**Data to examine:**

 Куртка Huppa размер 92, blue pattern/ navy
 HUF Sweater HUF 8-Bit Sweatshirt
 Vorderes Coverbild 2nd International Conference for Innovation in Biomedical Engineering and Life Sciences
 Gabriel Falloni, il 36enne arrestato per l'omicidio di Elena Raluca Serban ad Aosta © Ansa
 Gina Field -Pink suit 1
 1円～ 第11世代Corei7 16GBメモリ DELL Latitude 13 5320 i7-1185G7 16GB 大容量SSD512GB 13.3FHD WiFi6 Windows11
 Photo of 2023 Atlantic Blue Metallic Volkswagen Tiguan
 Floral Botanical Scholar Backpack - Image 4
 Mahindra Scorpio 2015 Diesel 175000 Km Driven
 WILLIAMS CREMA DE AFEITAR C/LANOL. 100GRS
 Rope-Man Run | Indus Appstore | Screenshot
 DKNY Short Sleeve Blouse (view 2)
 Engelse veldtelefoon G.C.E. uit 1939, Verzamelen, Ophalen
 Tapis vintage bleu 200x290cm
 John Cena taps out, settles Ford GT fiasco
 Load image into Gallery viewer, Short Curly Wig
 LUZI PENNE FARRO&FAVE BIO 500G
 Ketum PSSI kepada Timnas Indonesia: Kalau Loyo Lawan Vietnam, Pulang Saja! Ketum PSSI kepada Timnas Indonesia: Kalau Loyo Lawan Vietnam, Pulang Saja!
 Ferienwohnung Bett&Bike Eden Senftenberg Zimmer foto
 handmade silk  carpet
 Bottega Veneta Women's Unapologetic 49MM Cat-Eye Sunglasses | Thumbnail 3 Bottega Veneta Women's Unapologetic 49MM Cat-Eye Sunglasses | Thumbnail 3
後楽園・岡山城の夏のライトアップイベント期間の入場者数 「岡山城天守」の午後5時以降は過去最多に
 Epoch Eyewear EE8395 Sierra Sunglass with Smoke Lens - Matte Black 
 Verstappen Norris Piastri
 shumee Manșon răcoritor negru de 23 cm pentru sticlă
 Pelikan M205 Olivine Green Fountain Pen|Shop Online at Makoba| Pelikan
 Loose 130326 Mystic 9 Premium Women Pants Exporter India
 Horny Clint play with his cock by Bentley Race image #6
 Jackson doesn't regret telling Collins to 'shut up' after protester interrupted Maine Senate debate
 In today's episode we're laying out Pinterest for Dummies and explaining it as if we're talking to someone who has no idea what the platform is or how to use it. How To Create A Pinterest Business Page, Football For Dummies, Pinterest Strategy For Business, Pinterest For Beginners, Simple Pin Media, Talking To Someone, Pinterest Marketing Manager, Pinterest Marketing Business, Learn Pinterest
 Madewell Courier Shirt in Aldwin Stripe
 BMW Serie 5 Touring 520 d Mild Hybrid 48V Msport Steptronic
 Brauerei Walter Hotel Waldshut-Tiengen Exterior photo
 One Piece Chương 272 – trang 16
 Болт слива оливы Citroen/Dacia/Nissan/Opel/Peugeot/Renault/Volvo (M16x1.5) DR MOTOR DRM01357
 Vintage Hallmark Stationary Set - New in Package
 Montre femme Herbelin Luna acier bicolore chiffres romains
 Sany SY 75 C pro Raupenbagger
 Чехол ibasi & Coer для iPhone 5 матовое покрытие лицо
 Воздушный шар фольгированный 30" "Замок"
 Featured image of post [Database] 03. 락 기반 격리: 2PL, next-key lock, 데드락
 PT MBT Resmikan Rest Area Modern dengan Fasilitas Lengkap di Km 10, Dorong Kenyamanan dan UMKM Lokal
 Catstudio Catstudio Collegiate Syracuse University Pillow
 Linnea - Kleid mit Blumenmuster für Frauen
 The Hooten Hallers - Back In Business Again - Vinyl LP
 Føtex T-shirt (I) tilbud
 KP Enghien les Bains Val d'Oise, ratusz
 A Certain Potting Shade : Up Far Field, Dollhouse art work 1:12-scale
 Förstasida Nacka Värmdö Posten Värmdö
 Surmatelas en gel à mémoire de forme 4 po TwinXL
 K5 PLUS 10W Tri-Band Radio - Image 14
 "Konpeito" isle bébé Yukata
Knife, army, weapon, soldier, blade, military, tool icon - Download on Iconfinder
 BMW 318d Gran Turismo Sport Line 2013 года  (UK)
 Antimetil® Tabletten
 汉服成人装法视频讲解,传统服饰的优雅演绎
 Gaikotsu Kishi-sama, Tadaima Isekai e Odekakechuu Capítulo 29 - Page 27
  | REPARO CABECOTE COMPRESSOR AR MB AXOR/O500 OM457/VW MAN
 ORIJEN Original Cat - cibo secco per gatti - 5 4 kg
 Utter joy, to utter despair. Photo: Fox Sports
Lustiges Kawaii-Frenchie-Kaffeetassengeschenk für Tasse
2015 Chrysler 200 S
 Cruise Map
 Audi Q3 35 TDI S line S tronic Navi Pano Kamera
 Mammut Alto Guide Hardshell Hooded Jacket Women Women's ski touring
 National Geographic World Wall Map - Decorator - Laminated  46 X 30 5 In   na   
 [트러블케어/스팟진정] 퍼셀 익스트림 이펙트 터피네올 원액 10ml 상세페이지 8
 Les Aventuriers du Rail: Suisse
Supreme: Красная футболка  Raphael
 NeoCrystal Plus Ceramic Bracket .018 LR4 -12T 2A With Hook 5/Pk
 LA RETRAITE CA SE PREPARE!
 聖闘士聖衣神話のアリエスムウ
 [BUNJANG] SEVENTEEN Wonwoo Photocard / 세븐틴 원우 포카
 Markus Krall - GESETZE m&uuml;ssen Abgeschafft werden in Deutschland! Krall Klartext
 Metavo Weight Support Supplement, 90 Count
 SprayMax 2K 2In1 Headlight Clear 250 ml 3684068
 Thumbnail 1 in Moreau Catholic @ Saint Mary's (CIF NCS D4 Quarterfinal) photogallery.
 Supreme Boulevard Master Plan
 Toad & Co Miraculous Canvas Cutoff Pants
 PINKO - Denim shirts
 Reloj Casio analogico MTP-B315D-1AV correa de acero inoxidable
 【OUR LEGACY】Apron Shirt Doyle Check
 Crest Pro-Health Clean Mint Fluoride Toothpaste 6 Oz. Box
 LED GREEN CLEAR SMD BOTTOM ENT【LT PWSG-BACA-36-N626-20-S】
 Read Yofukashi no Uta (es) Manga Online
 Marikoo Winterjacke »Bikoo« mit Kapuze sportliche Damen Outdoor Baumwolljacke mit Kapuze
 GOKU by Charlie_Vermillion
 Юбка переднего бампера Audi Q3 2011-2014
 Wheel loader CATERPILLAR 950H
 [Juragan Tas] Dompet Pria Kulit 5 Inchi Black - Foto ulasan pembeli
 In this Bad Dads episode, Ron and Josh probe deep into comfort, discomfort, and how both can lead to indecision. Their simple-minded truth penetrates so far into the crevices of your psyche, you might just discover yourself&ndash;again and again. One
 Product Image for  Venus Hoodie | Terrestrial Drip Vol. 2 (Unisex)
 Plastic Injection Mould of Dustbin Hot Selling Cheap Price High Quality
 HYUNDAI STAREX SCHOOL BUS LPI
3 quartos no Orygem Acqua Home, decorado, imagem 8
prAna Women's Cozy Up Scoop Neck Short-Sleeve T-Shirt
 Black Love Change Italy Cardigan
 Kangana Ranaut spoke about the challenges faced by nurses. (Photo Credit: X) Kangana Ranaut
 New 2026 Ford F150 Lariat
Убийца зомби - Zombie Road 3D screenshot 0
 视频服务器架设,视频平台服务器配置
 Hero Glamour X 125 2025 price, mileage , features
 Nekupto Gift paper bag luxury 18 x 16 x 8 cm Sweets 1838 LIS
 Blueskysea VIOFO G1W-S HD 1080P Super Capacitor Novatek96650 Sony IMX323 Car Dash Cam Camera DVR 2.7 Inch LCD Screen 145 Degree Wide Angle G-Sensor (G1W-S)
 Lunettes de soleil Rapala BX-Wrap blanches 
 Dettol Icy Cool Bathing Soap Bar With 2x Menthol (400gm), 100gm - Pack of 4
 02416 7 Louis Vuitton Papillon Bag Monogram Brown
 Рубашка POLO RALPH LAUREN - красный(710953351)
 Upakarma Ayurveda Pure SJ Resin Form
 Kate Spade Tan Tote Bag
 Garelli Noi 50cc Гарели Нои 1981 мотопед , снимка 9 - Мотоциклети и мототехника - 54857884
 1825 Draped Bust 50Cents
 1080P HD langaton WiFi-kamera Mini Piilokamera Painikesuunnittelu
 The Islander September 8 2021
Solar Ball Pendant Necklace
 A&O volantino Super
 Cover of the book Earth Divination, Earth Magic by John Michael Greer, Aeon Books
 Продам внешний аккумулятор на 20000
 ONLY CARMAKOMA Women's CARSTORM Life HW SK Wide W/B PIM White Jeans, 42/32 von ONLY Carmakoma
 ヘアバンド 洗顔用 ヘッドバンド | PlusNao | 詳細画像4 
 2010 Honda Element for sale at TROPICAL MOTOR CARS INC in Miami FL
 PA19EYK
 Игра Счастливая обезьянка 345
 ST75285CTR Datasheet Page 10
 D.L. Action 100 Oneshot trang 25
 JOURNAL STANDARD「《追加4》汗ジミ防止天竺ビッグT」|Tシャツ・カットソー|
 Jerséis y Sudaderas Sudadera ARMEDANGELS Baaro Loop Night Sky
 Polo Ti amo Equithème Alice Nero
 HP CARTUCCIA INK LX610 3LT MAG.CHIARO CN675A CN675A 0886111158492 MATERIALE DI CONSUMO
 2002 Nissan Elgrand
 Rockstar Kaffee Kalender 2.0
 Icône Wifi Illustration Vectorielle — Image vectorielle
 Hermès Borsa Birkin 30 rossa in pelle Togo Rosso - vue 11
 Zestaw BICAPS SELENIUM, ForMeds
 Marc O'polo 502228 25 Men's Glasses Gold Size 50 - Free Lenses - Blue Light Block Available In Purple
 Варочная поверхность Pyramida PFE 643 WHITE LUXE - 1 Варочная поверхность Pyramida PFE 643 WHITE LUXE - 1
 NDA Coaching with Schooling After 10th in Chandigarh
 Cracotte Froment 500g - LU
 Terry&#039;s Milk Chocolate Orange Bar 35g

**Try it:**
When you reach the line with "Hero Glamour X" in the records above, start writing out lines exactly, and stop once the line with "Lunettes de soleil Rapala BX-Wrap blanches" has been written; include nothing else.

**Answer to the problem:**
 Hero Glamour X 125 2025 price, mileage , features
 Nekupto Gift paper bag luxury 18 x 16 x 8 cm Sweets 1838 LIS
 Blueskysea VIOFO G1W-S HD 1080P Super Capacitor Novatek96650 Sony IMX323 Car Dash Cam Camera DVR 2.7 Inch LCD Screen 145 Degree Wide Angle G-Sensor (G1W-S)
 Lunettes de soleil Rapala BX-Wrap blanches 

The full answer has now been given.